The UK currently has an electricity charge of 10-15p per kWh. This is more expensive than the gas charge which is 3.5-4p per kWh. However, as with any heating system it all boils down to the rate of usage. A larger room will cost more to heat and the length of time you keep the heating on for will have a considerable effect on the costs. An average house consisting of three bedrooms, a living room and a kitchen would cost roughly £12 a day to heat (assuming the heating was left on for no more than seven hours) which if switched on for six months in the year adds up to an annual figure of £2,456. However, this is a rough figure which will vary by household, so let’s look at some of the other costs involved.
The cost of actually installing a heating system is where electric easily trumps any of the other available types. An electric heating system can be installed for as low as £1000, which given their durability is a highly cost effective figure. Compare this to a traditional storage heater where the minimum installation cost is around £1500. Although the price difference isn’t that large, storage heaters are low on efficiency and tend to cost a lot more money in the long run than the electric equivalent. Electric heaters don’t require pipework or a flue and because they have so few parts they require very little maintenance. Most other heaters require annual servicing which adds to the running costs.
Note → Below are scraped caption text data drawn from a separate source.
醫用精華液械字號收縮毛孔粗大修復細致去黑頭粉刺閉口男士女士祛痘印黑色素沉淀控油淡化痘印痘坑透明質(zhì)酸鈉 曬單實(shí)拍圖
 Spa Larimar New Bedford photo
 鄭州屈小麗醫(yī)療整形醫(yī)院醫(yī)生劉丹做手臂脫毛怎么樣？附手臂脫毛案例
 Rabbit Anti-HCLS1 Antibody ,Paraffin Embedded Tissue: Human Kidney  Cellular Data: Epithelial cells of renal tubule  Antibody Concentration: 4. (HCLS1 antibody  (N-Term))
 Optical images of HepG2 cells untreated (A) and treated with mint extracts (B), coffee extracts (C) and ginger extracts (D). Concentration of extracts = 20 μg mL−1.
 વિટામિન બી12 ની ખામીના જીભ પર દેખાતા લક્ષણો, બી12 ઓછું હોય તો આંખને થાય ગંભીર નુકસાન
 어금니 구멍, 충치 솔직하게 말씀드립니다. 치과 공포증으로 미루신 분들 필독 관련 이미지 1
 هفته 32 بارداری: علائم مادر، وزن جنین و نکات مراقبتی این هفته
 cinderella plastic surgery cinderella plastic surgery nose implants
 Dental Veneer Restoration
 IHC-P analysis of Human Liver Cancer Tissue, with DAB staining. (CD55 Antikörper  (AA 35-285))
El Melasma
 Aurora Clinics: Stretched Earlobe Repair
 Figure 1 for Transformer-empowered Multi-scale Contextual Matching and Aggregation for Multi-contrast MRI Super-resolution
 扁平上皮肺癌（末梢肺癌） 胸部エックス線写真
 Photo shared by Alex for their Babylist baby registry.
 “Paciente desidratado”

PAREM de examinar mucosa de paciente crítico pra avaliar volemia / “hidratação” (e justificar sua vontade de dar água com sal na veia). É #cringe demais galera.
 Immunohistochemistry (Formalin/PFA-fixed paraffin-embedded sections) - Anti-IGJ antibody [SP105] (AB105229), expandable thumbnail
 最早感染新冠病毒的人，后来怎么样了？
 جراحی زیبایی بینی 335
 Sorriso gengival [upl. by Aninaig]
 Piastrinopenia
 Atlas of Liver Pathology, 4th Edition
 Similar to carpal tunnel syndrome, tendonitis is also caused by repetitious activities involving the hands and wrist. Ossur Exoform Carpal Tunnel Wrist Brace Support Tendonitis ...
Because of their low installation and maintenance costs, most of the expense involved in electric heating comes from the actual function. Because of the high price of electricity, heating an average home for large amounts of time in the winter months can be expensive. Modern electric appliances try to reduce costs through tariffs such as Economy 7 and Economy 10, or through night storage heaters that exploit a cheaper night-time rate to lower costs. The most efficient system is electric radiators, since you can vary the temperature of each individual radiator or just turn them off when the room is warm enough. With any heating system, the expense will always vary and the best thing you can do is make a decision based on your heating needs, while keeping an eye on the figures and the experiences of other customers.